● **Records shown**:

★ ★ ★

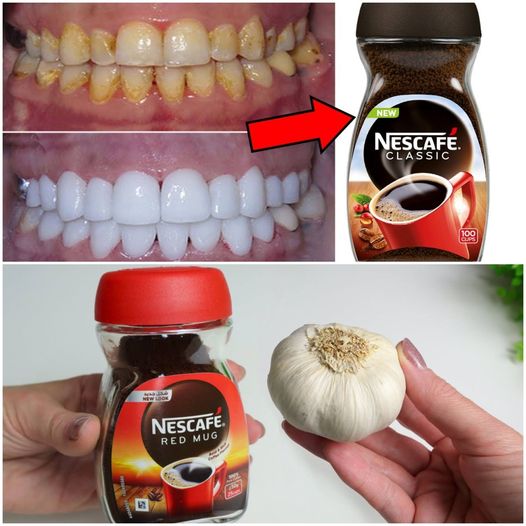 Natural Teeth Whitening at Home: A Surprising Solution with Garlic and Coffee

★ ★ ★

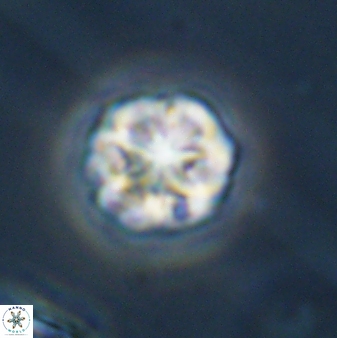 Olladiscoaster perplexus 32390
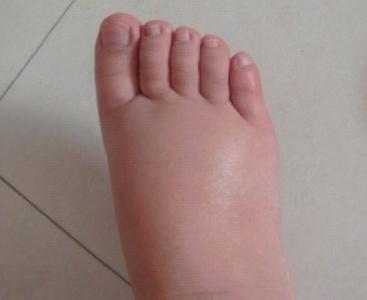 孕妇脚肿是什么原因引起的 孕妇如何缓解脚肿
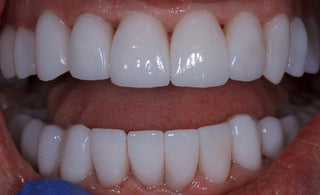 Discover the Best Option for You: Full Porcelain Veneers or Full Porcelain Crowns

★ ★ ★

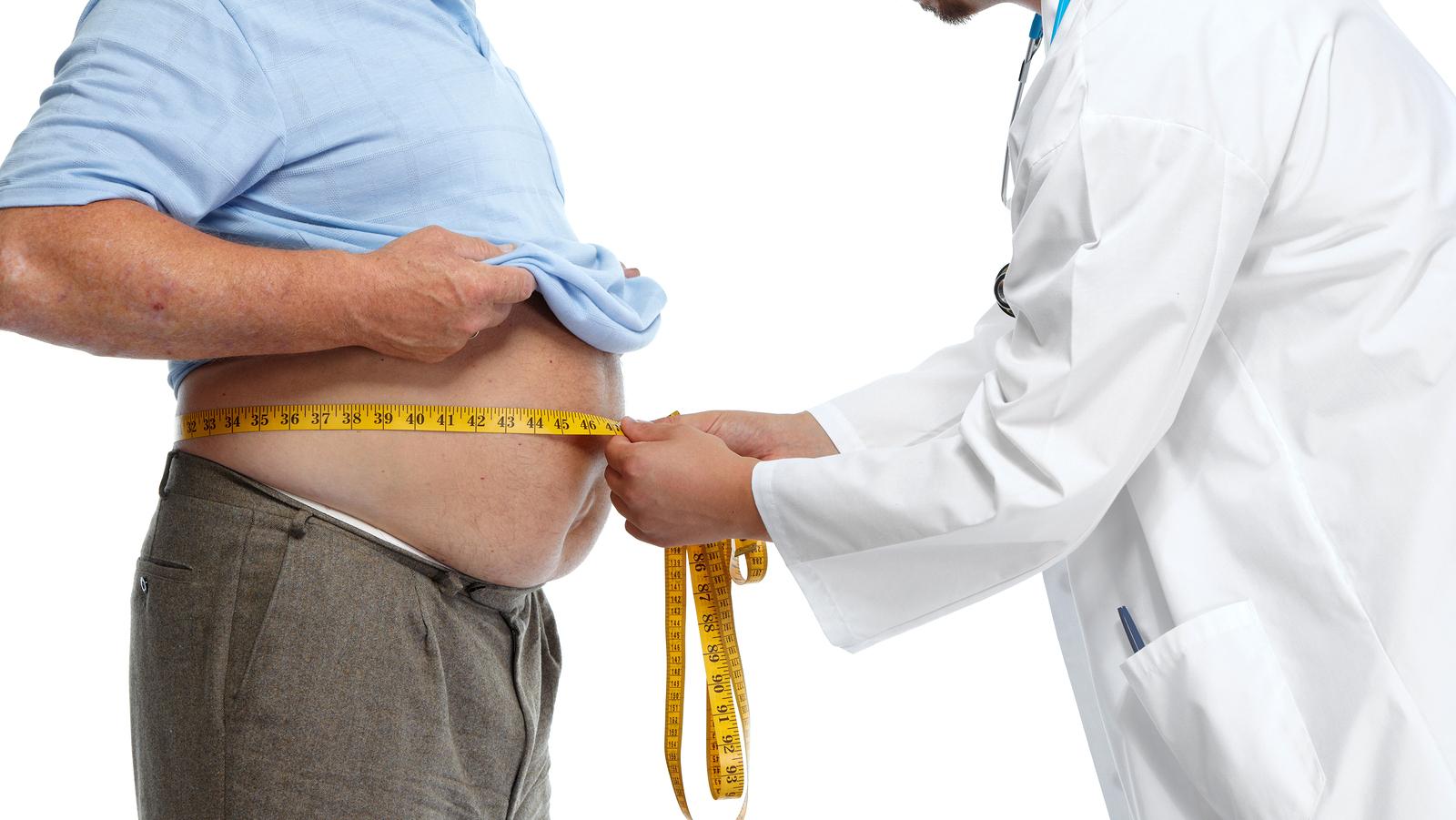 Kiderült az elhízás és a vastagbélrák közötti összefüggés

★ ★ ★

● **Exercise directions**:
For this exercise, return exactly the lines above from the line with "孕妇脚肿是什么原因引起的 孕妇如何缓解脚肿" through the line with "Discover the Best", both included. Do not copy the pictures.

● **Response to this task**:
 孕妇脚肿是什么原因引起的 孕妇如何缓解脚肿
 Discover the Best Option for You: Full Porcelain Veneers or Full Porcelain Crowns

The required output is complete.